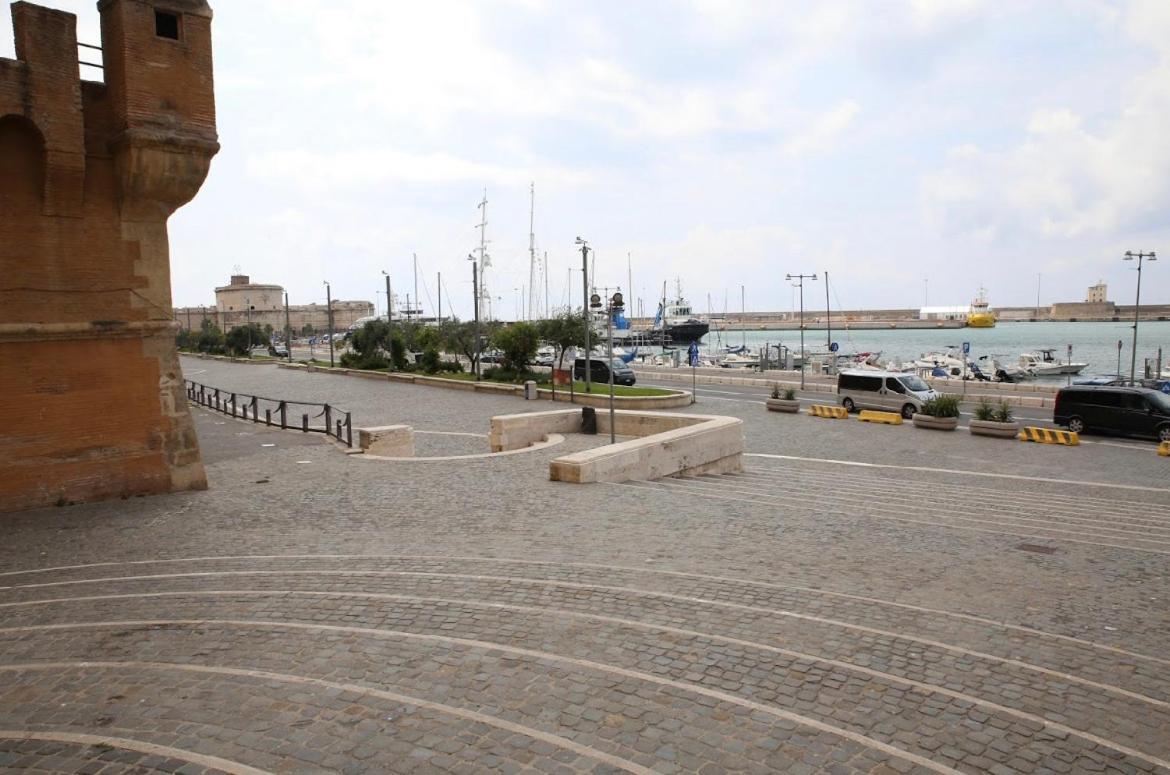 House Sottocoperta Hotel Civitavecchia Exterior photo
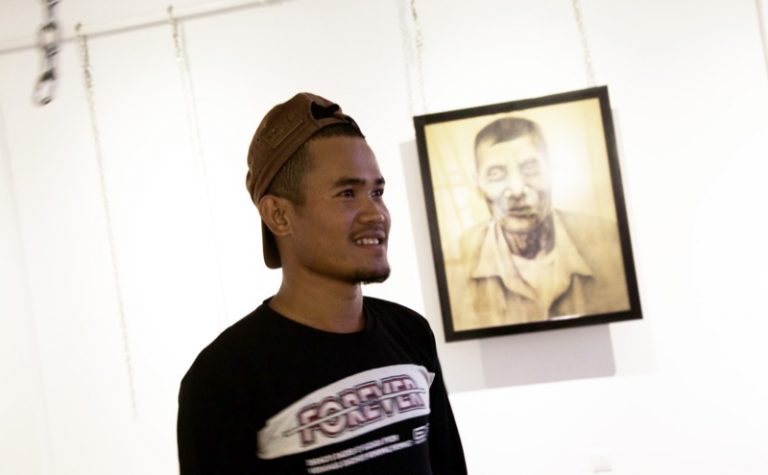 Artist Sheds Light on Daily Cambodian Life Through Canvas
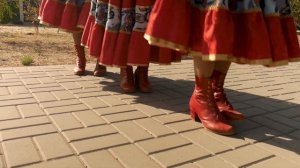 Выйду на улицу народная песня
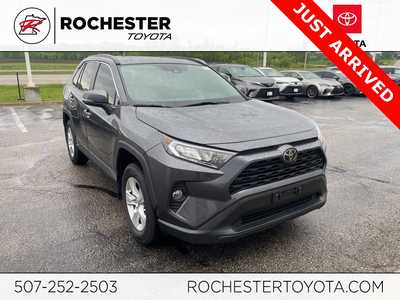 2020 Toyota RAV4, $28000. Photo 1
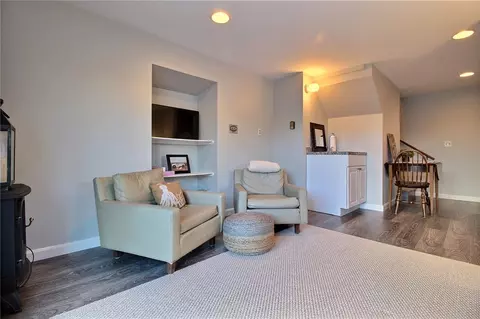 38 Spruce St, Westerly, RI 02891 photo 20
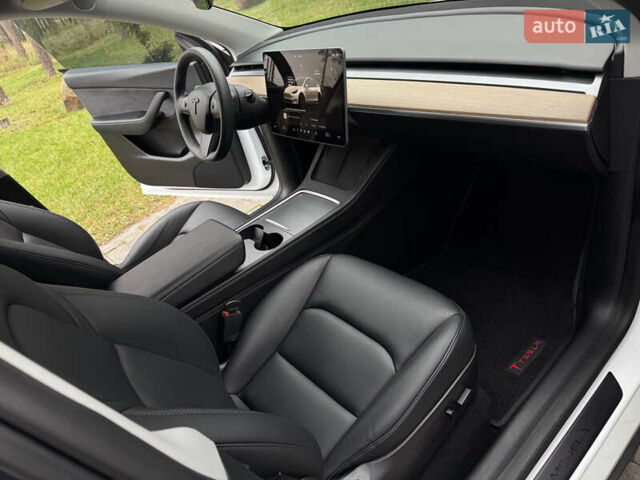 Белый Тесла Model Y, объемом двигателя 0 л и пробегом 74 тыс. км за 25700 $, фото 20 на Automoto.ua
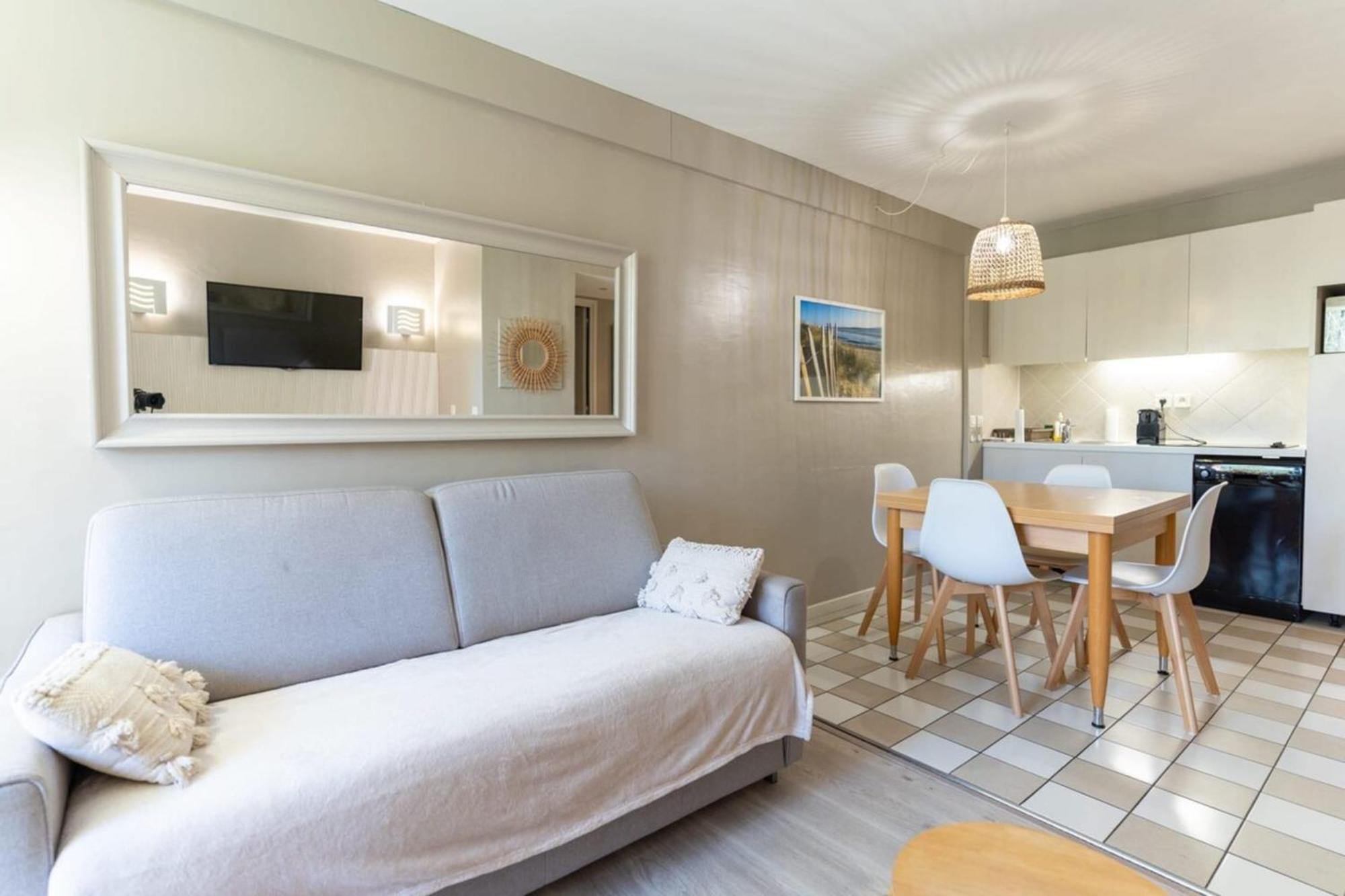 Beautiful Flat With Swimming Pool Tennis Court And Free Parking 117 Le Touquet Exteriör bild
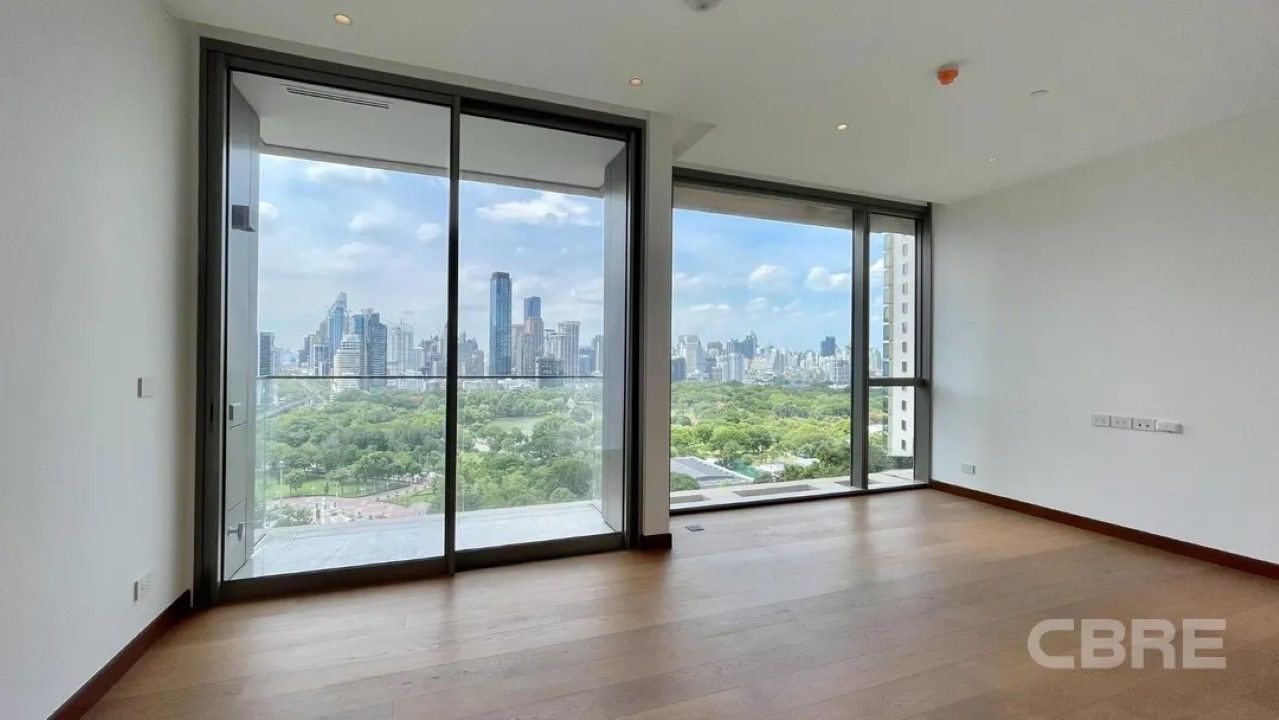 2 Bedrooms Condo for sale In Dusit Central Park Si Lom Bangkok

● **INSTRUCTIONS FOR THE TASK**
When you write out the material, keep every line exact and leave out each picture.

● **OUTPUT FOR THIS EXERCISE**
 House Sottocoperta Hotel Civitavecchia Exterior photo
 Artist Sheds Light on Daily Cambodian Life Through Canvas
 Выйду на улицу народная песня
 2020 Toyota RAV4, $28000. Photo 1
 38 Spruce St, Westerly, RI 02891 photo 20
 Белый Тесла Model Y, объемом двигателя 0 л и пробегом 74 тыс. км за 25700 $, фото 20 на Automoto.ua
 Beautiful Flat With Swimming Pool Tennis Court And Free Parking 117 Le Touquet Exteriör bild
 2 Bedrooms Condo for sale In Dusit Central Park Si Lom Bangkok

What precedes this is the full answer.